1. An amateur sport. The moment you think you’ve turned pro, the rules change.

2. To experience little daily deaths. This grief process is one of letting go of expectations, “supposed tos,” assumptions of how kids and family life should be.

3. A bliss and a blister. It’s the greatest source of suffering. It’s also the greatest wellspring of joy. (So you can tell, I don’t buy the one-sided view that “parenting is such a bliss” idea, although I can appreciate some parents do truly feel this way!)

4. The intersection between the sacred and the secular. It’s a virtuous circle that constantly reminds you of the giddy reality of daily living, that some semblance of soulfulness is required.

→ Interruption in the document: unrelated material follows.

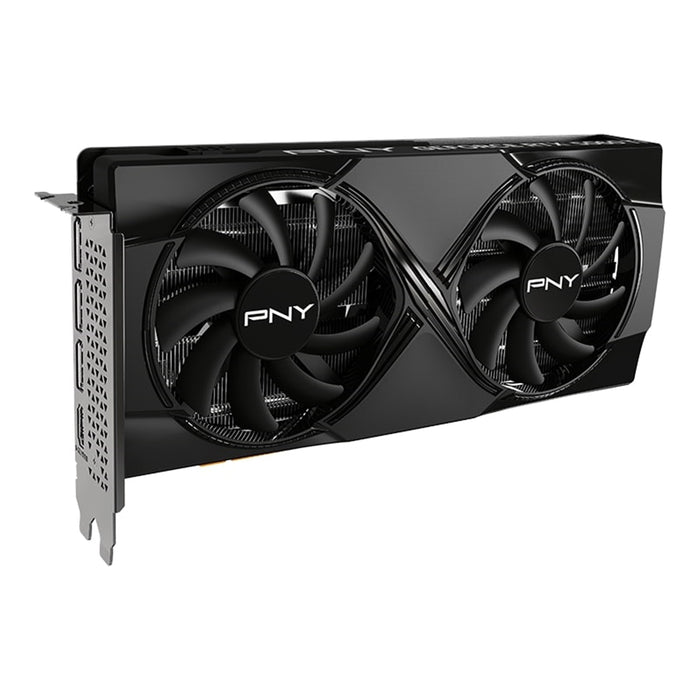 PNY GeForce RTX 5060 Ti 16GB EPIC-X RGB Graphics Card, GDDR7, 2572 MHz Overclocked Triple Fan, 3 x Display Ports/1xHDMI-Graphics Cards-Gigante Computers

5. Improvisation (originates from the Latin ‘improvisus’, meaning ‘not seen ahead of time’). Life is one big improvisation anyway, a 2 left-footed dance between plans rendered useless and surprises that behold gifts waiting to be opened.

6. A fermentation process of maturity. Not because we become wiser teachers to our children, but because we are hit with the stark realisation that we are called to become better students. Daily.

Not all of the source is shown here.